Top of INFORMATION SUPPLIED

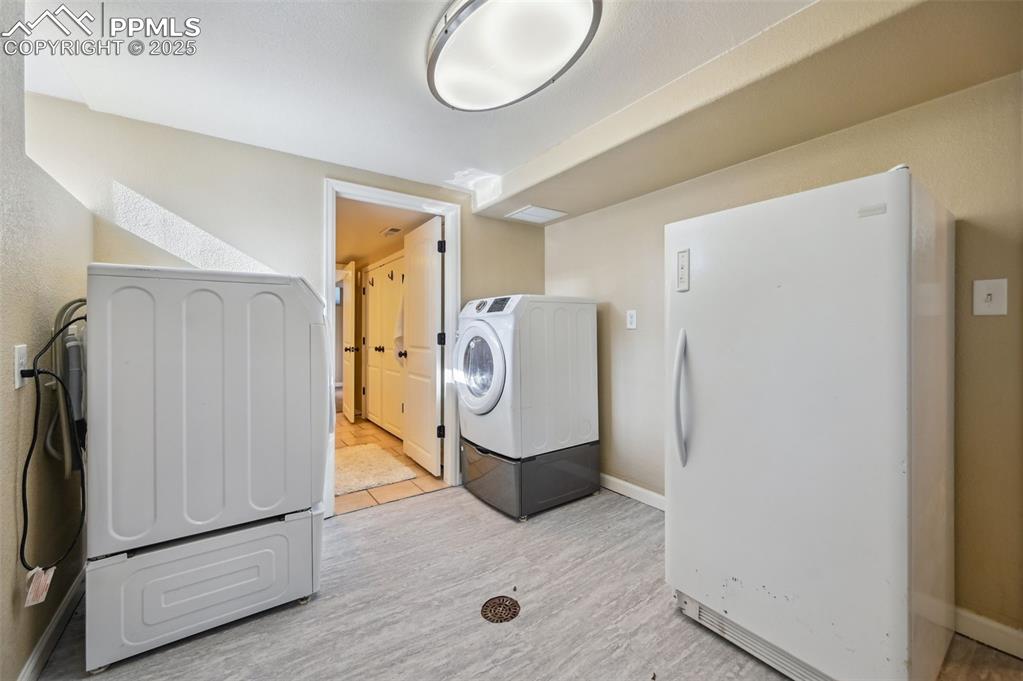 Image 27 of 31: Walk-out basement access is located in the laundry room.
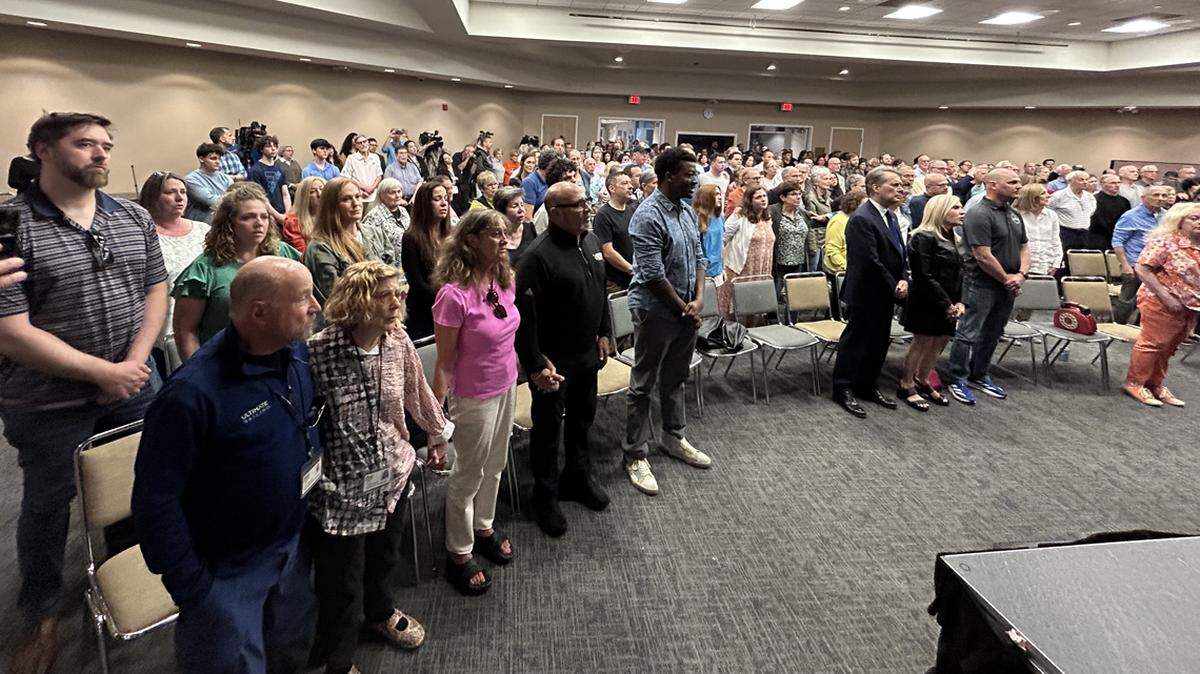 Mourners gathered at a vigil at the Jewish Community Center in Overland Park Thursday evening.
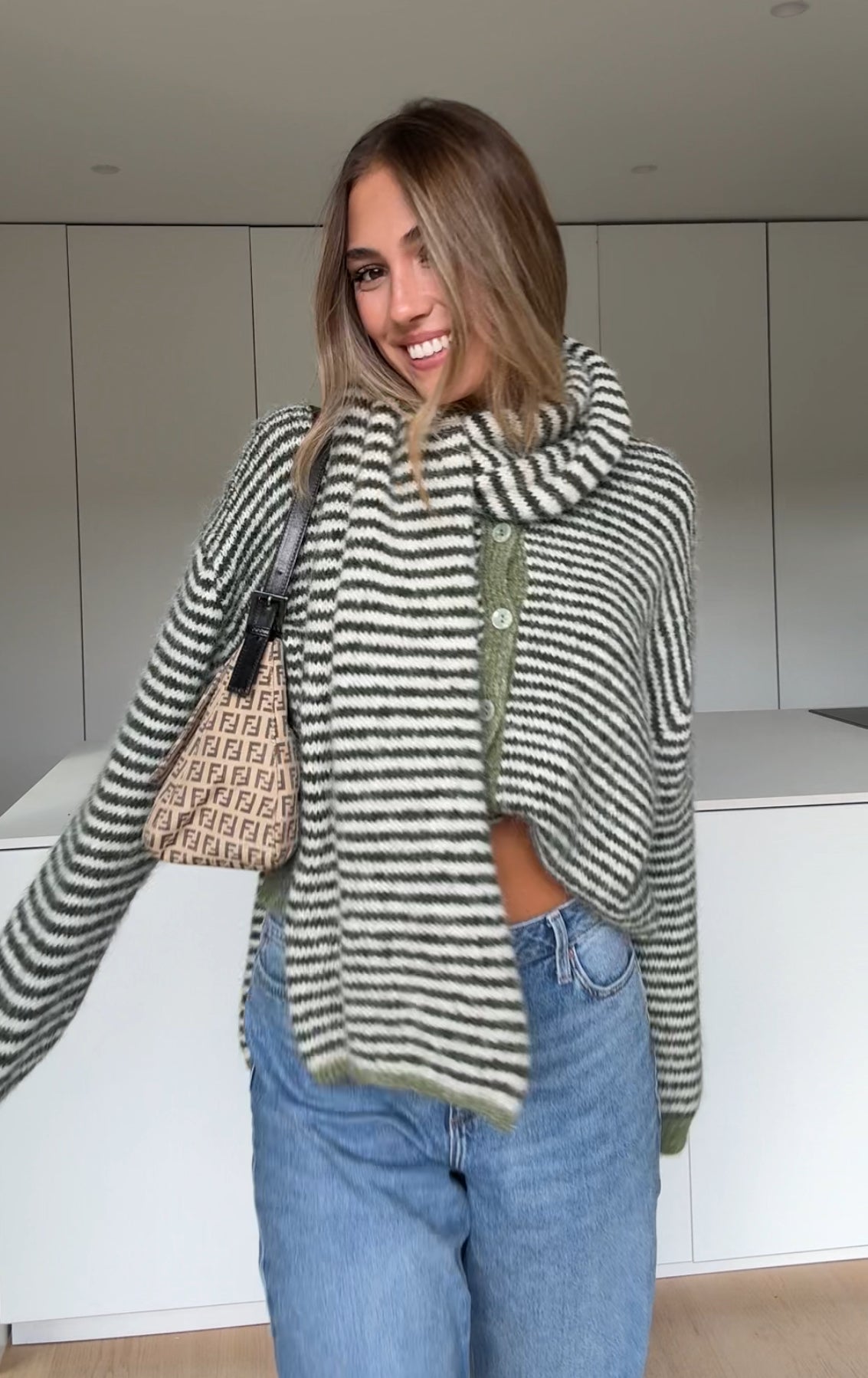 Soft striped cardigan in a muted color
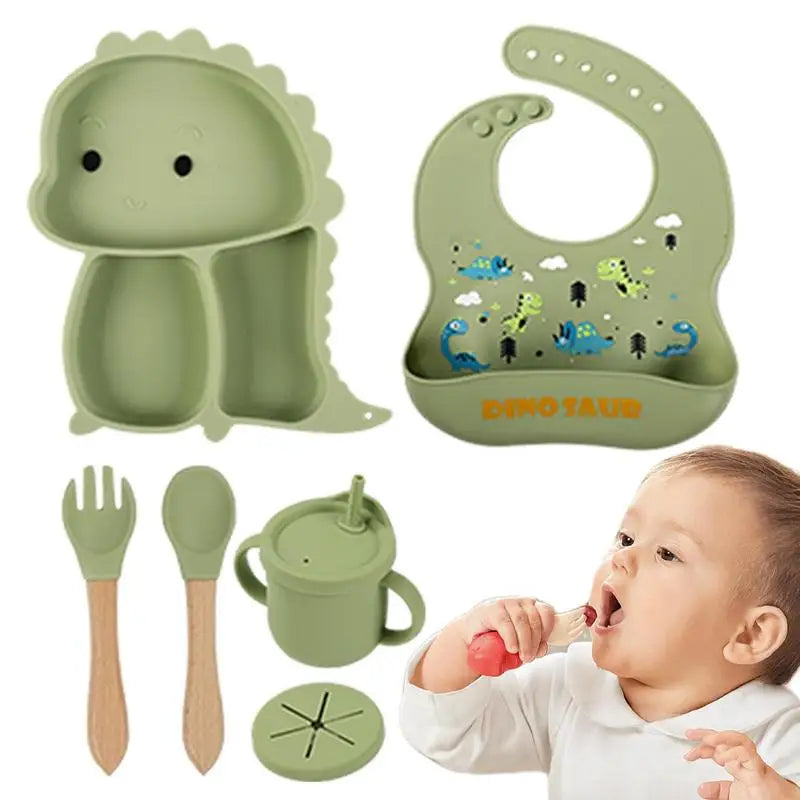 Toddler mealtime set: green dinosaur silicone suction plate, bowl, cup, bib, spoon, fork, & snack lid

Bottom of INFORMATION SUPPLIED

> **EXERCISE DIRECTIONS**:
Reproduce exactly the lines above from the one with "Mourners gathered at" through the last line of the data, keeping both ends and dropping the pictures.

> **WRITTEN SOLUTION**:
 Mourners gathered at a vigil at the Jewish Community Center in Overland Park Thursday evening.
 Soft striped cardigan in a muted color
 Toddler mealtime set: green dinosaur silicone suction plate, bowl, cup, bib, spoon, fork, & snack lid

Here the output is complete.